Un processus plus long, mais plus riche : « Cela a un impact majeur sur les enfants. Voir les saisons, observer, entendre des oiseaux, toucher les copeaux, toucher le bois. Jouer en contact avec la nature. »
Certaines classes ont même lieu dehors. Plus qu’un projet contre la chaleur, c’est une véritable émancipation urbaine qui, à terme, bénéficiera à l’ensemble de la ville.

École Turgot : avant (gauche) / après (droite)
Laboratoire climatique
En effet, ces îlots de fraîcheur s’inscrivent dans un plan transversal de lutte contre le réchauffement climatique. Par le biais des écoles, la municipalité expérimente une stratégie qui a vocation à transformer durablement la vie des Lillois·es.
« C’est un projet totalement approuvé par nos équipes parce qu’il est transversal. Les équipes adorent le principe, et en plus, elles testent dans les écoles des choses qu’elles vont après appliquer dans l’espace public. Il y a un vrai goût de l’expérimentation à Lille », nous indique Charlotte Brun.
Chaque chantier et chaque résultat s’intègrent dans une ligne globale, appliquée ensuite à la ville entière. La municipalité ouvre même les cours d’écoles en-dehors des heures de classes pour que tous les riverains puissent bénéficier de leur fraîcheur.
« Les cours d’école peuvent aussi s’ouvrir le week-end et durant les vacances, et servir cet objectif sociétal d’accès à un espace ludique, rafraîchi, qualitatif. »

Débitumisation de la cour de l’école Kergomard. Photo GF – Ville de Lille
Justice climatique et justice social
En plus d’être la clef de voûte d’un projet climatique, les îlots de fraîcheur sont aussi le fer de lance d’une justice sociale.

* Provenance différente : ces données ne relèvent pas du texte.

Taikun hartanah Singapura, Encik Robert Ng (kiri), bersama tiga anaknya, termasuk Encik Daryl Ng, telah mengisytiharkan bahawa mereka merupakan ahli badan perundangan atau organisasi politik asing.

Charlotte Brun est très claire là-dessus : les premiers bénéficiaires du projet sont ceux qui en ont le plus besoin.
Même si le but final est d’étendre la végétalisation des écoles à toute la ville, au rythme de 3 ou 4 écoles par an, il faudrait plus de 20 ans pour mener le projet à son terme. La ville a donc dû faire des choix. Les sélectionnés : les espaces les moins verts de la ville, et les quartiers populaires.

École Desbordes-Valmore
« On a traité en priorité les cours d’école les moins végétalisées, les plus bitumées, celles qui n’avaient pas d’arbres du tout. On a aussi veiller à s’occuper des quartiers où il y a davantage de personnes sous le seuil de pauvreté qui n’ont pas forcément de jardin. »
Un plan de bataille rodé, freiné jusqu’ici seulement par le budget et un cahier des charges exigeant. L’adjointe à la municipalité ne s’en cache pas : « Je ne peux pas non plus en faire 10 l’été, parce qu’il y a un plan de suivi de travaux. »
Une Éducation nationale à la traîne
Bien que concernée et ravie par le projet, l’Éducation nationale est loin d’en être un pilier. Charlotte Brun explique que même si l’institution s’intéresse aux collectivités locales et notamment à l’association Récréation Urbaine, qui recueille les envies des enfants et des adultes sur l’avenir de leurs écoles, elle reste mesurée quant à la réelle implication de l’État.
« Il devient urgent d’aider les collectivités locales à financer ces travaux coûteux, mais créateurs d’emplois et de techniques non délocalisables. On ne peut pas laisser les collectivités locales chercher toutes seules des financements. Le gouvernement a récemment retiré aux collectivités des subventions pour les réseaux de chaleur et de froid […] on marche un peu sur la tête. »
Les plantations sont réalisées en automne. Les équipes sont particulièrement vigilantes aux épisodes de gel qui peuvent arriver l’hiver, et affaiblir les arbres. Chaque année, ils prennent en compte les espèces qui survivent et adaptent leurs méthodes.
Dans une France frappée de plein fouet par les effets du réchauffement climatique, Lille s’affirme comme l’un des laboratoires d’une nouvelle architecture urbaine capable de résister aux épisodes de chaleur extrême.
Alors que les records de température se multiplient, les experts sont unanimes : cet été pourrait bien être l’un des plus frais des décennies à venir. Face à l’inertie du gouvernement, la Ville de Lille montre la voie.